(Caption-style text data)
━━━━━━━━━━━━━━━━━━━━

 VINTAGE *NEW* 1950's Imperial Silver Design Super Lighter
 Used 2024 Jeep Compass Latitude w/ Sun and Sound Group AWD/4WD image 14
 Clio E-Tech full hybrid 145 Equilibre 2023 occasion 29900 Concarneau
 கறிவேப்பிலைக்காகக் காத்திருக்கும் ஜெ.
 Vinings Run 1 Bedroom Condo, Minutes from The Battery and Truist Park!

━━━━━━━━━━━━━━━━━━━━

* [THE TASK]: Your output should be an exact copy of the lines from the one containing "Used 2024 Jeep" through the last line of the data above.

* [TASK OUTPUT]:
 Used 2024 Jeep Compass Latitude w/ Sun and Sound Group AWD/4WD image 14
 Clio E-Tech full hybrid 145 Equilibre 2023 occasion 29900 Concarneau
 கறிவேப்பிலைக்காகக் காத்திருக்கும் ஜெ.
 Vinings Run 1 Bedroom Condo, Minutes from The Battery and Truist Park!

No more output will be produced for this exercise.